USA and Iran: The Beginning of the End

The acute phase of the Middle East crisis caused by the US’ assassination of Iranian General Qasem Soleimani has come to an end. A war did not start, the little spike in oil prices went down again, the world breathed a sigh of relief.

Some observers consider that Iran won the confrontation, others – the United States. And the most thoughtful proposed to wait and watch the developments. And this is correct, because not only has nothing yet ended, but it hasn’t even started.

Let’s recall the succession of events.

The US didn’t just kill General Soleimani. They brazenly and lawlessly violated all the norms of international law. Qasem Soleimani arrived in Iraq at the invitation of the Prime Minister of Iraq. This means that the host party guaranteed his safety.
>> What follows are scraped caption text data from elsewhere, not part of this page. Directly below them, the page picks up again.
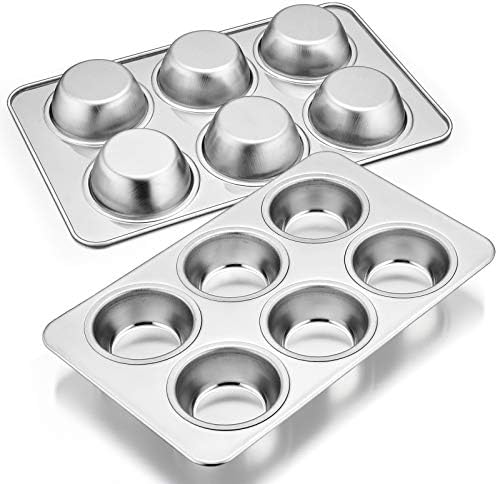 E-far Stainless Steel Muffin Pan Set of 2, 6-Cup Cupcake Tin for Baking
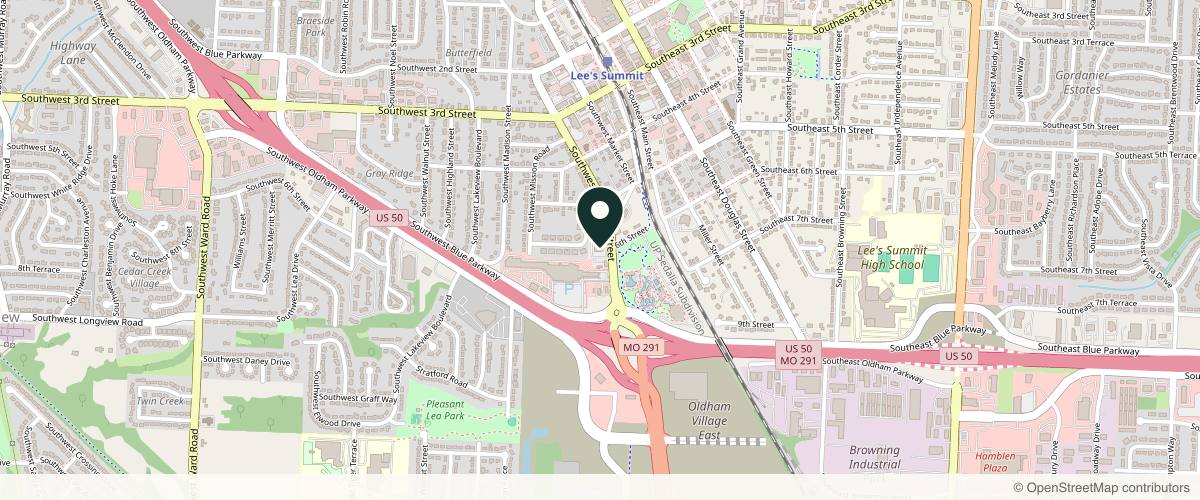 Map showing the exact location of LIV Aesthetics + Wellness at 600 SW Jefferson St Ste 104, Lee's Summit, MO 64063, USA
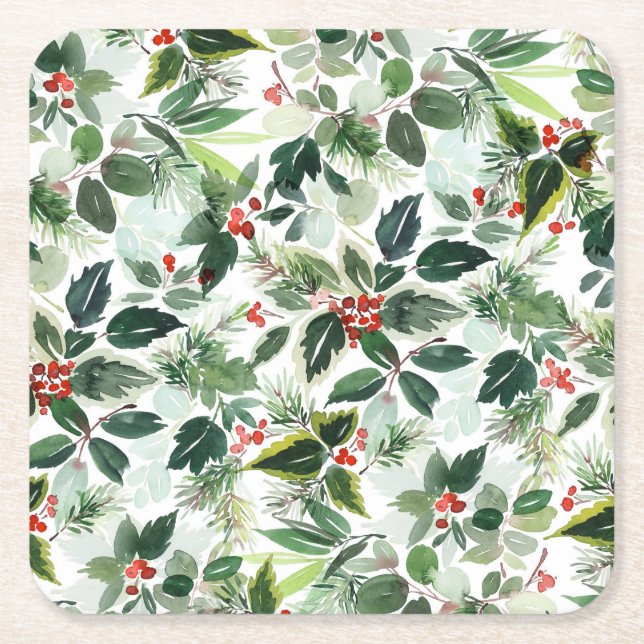 Variegated Winterberry Pattern Christmas Square Paper Coaster (Front)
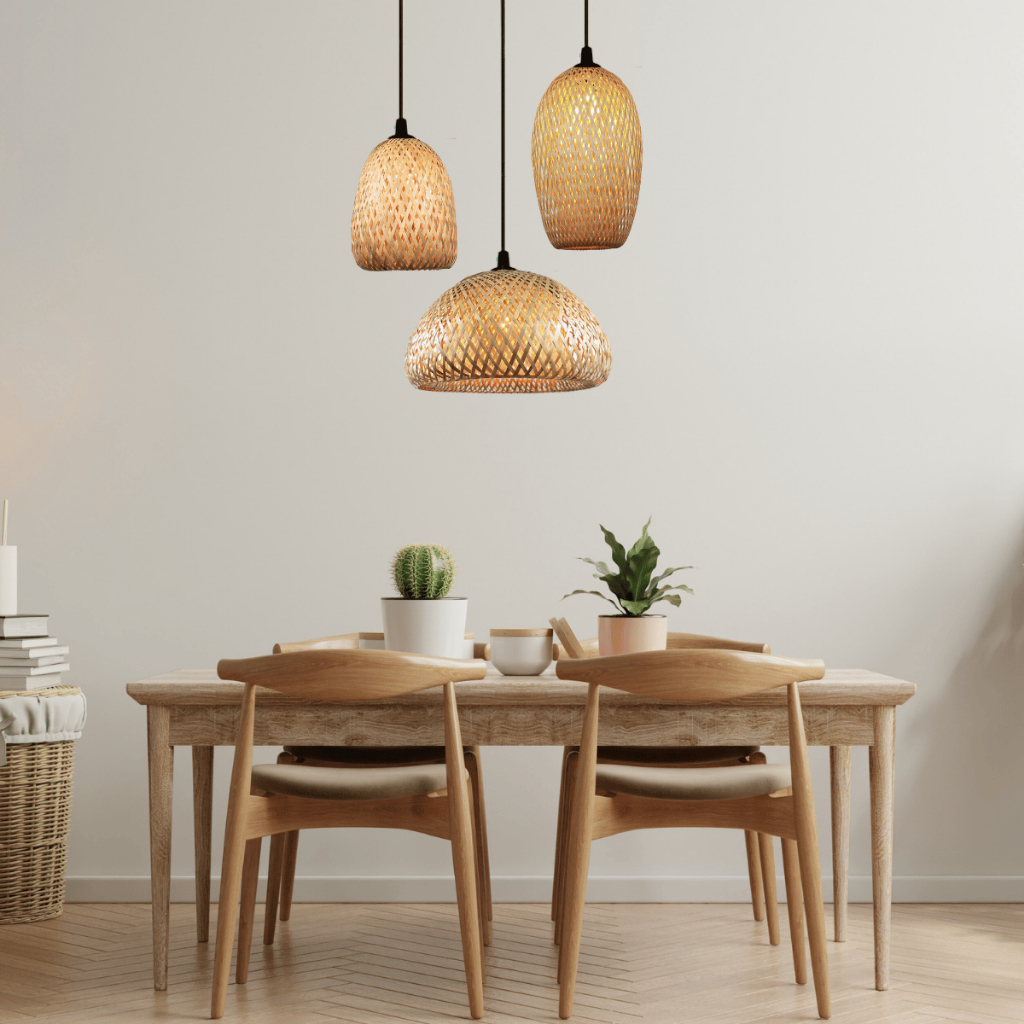 Luminarias Pendentes Teto Composição de Lustres Natural Artesanal de Bambu Premium 03 unid...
Nominally, US troops are in Iraq to help the local government fight the caliphate. But de facto the US is occupying this country.

Consequently, the Iraqi government could not guarantee Soleimani’s security without consulting the Americans. And such consultations took place, the Prime Minister of Iraq himself said so.

I.e., the Americans not only knew that General Soleimani would arrive in Iraq, they could be said to have authorised the visit themselves.

Since Soleimani has been to Iraq before and this has not particularly bothered Washington, it is unlikely that the General was expecting a trick this time. In fact, because the Americans managed to hit car so easily and accurately, they knew exactly when, where, and how he would arrive and appeared to be aware of the full protocol of the meeting.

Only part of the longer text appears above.